A Custom-Made Board Game to Familiarise Primary School Children With Atoms

Authors

DOI:

https://doi.org/10.34190/ecgbl.16.1.608

Keywords:

board game, atoms, primary school, game-based learning, particulate models, conceptual thinking

Abstract

To discover the link between the abstract concept of atoms and the macroscopic material world is often seen as one of the key challenges for new students in chemistry. Failing to make this connection results in low student grades, little interest, and eventually small numbers of graduates in chemistry or related disciplines. Science education research approaches this challenge by designing and creating new learning experiences and curricula for children without any prior knowledge about atoms. One promising approach is to introduce atoms and/or sub-microscopic particles in late primary school, such that children can start making connections between the macroscopic and the microscopic world. In this paper, an educational, custom-made board game that combines science content and fun for primary school children is presented to accomplish this difficult task. The board game features cooperative gameplay for 2 to 4 players, simple strategic elements, and play time between 20 and 30 minutes. Intrinsic integration of the learning content was the leading design idea and, as a result, concrete associations between sub-microscopic particles and macroscopic events related to material hardness lie at the core of the game. Another pivotal criterion was that the game is fully playable for children at home, like other board games, or in school lessons.
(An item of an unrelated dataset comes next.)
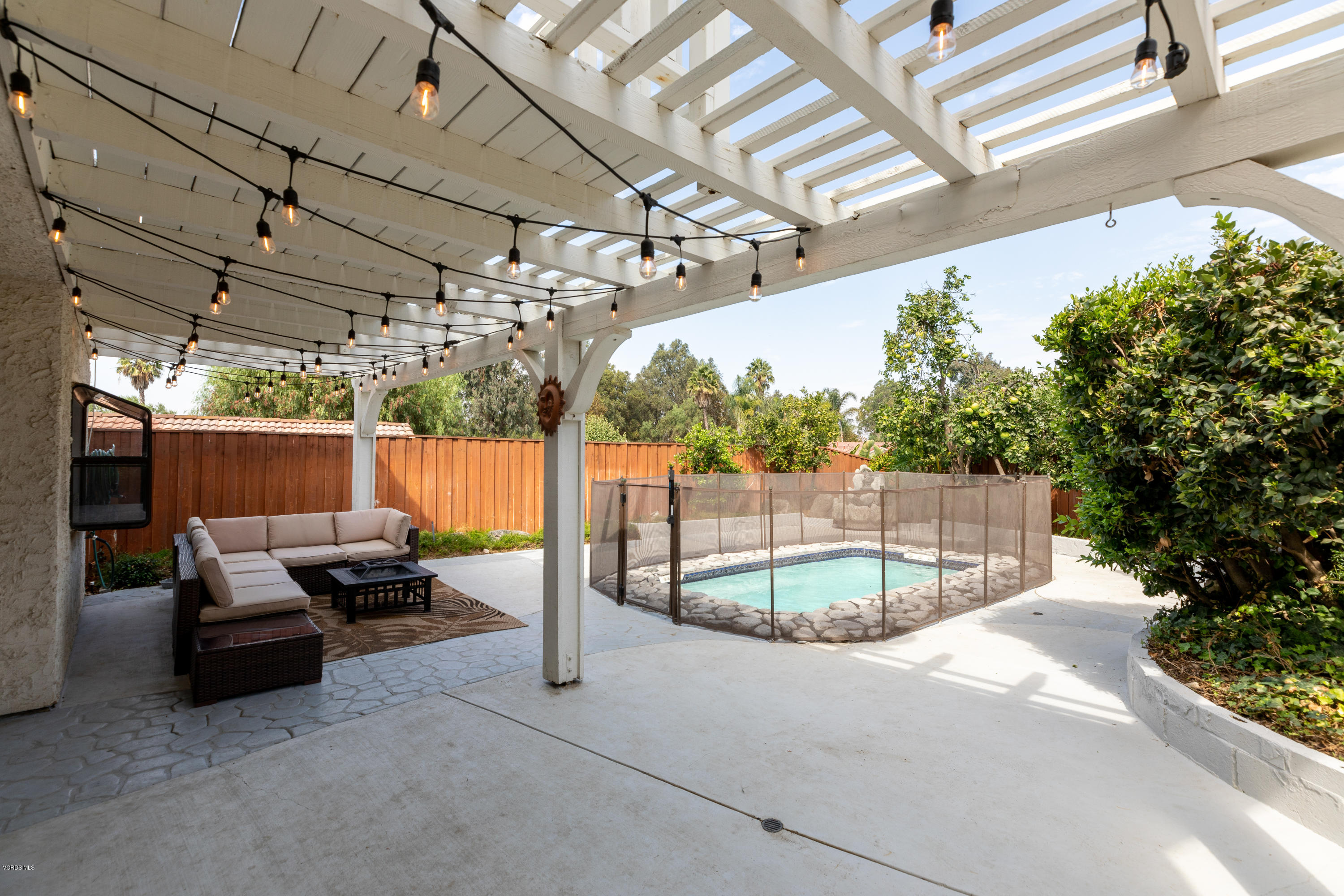13635 Gunsmoke Road Moorpark, CA 93021 - Photo 34 of 34 a view of a patio with a table and chairs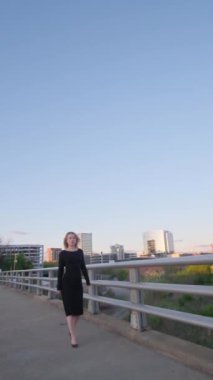 Zarif siyah elbiseli bir kadın pitoresk bir köprüde yürüyor, nefes kesen şehir manzarasına hayran olmak için duruyor, yalnızlığı ve sofistikeliği anımsatıyor.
This contribution, therefore, discusses: (i) how the game works, (ii) the essential design elements of the current game from a designer’s and educator’s perspective; and (iii) the basic atomic concepts which could be facilitated by playing the game. Preliminary play tests suggest that players, or learners, believe the game to be fun, and appreciate the balance between elements of strategy and luck. In summary, a compact, playful activity could trigger children to think of hardness of solid materials as a property that emerges from the strength of interactions between atoms. Such a change in conceptual thinking could in turn ease students’ pathway for future chemistry education.